[llvm] r280584 - AMDGPU: Fix spilling of m0
Matt Arsenault via llvm-commits
llvm-commits at lists.llvm.org
Fri Sep 2 23:57:56 PDT 2016
Author: arsenm
Date: Sat Sep 3 01:57:55 2016
New Revision: 280584
URL: http://llvm.org/viewvc/llvm-project?rev=280584&view=rev
Log:
AMDGPU: Fix spilling of m0
readlane/writelane do not support using m0 as the output/input.

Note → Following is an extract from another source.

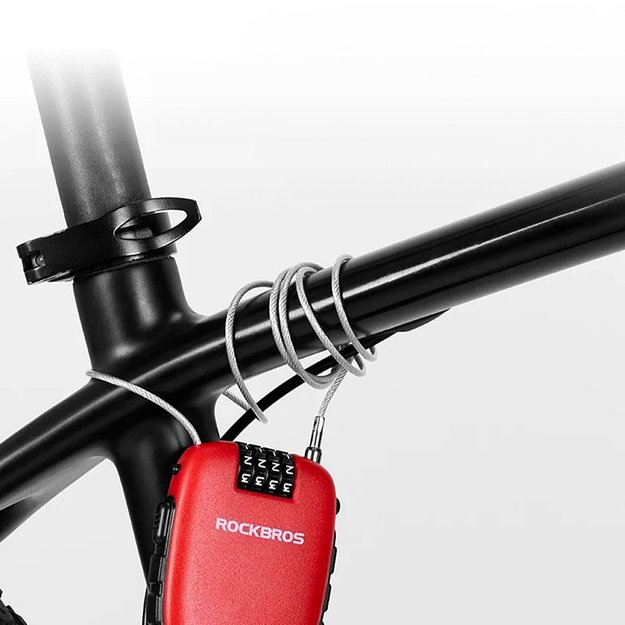 Rockbros 32420981001 bicycle lock with retractable cable - red 4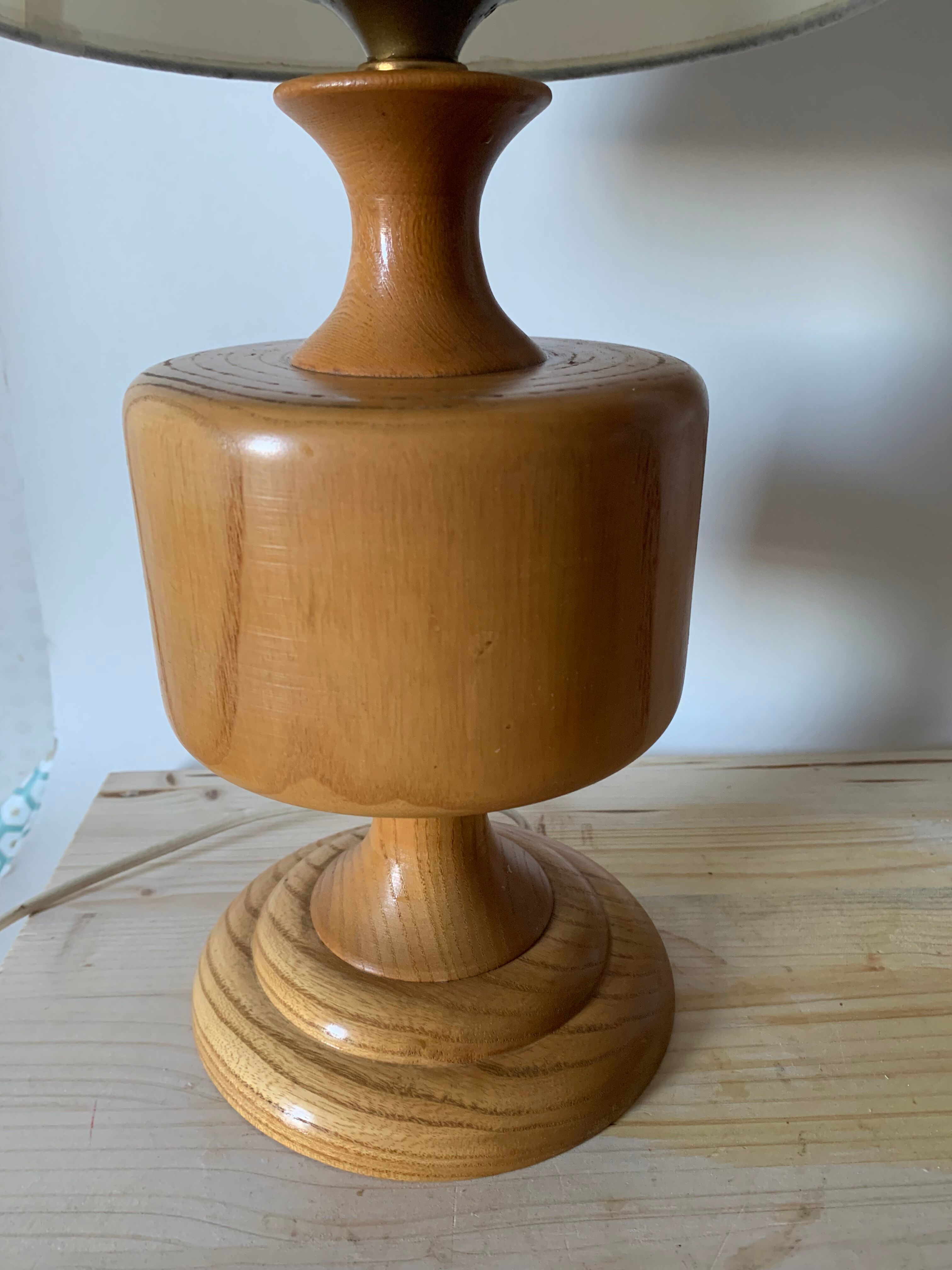 Vintage lamp in light wood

Constrain the register class of spill vregs to try to avoid this,
but also handle spilling of the physreg when necessary by inserting
an additional copy to a normal SGPR.
Added:
llvm/trunk/test/CodeGen/AMDGPU/spill-m0.ll
Removed:
llvm/trunk/test/CodeGen/AMDGPU/m0-spill.ll
Modified:
llvm/trunk/lib/Target/AMDGPU/SIInstrInfo.cpp
llvm/trunk/lib/Target/AMDGPU/SIInstructions.td
llvm/trunk/lib/Target/AMDGPU/SIRegisterInfo.cpp
Modified: llvm/trunk/lib/Target/AMDGPU/SIInstrInfo.cpp
URL: http://llvm.org/viewvc/llvm-project/llvm/trunk/lib/Target/AMDGPU/SIInstrInfo.cpp?rev=280584&r1=280583&r2=280584&view=diff
==============================================================================
--- llvm/trunk/lib/Target/AMDGPU/SIInstrInfo.cpp (original)
+++ llvm/trunk/lib/Target/AMDGPU/SIInstrInfo.cpp Sat Sep 3 01:57:55 2016
@@ -587,17 +587,18 @@ void SIInstrInfo::storeRegToStackSlot(Ma
if (RI.isSGPRClass(RC)) {
MFI->setHasSpilledSGPRs();
+ // We are only allowed to create one new instruction when spilling
+ // registers, so we need to use pseudo instruction for spilling SGPRs.
+ const MCInstrDesc &OpDesc = get(getSGPRSpillSaveOpcode(RC->getSize()));
+
+ // The SGPR spill/restore instructions only work on number sgprs, so we need
+ // to make sure we are using the correct register class.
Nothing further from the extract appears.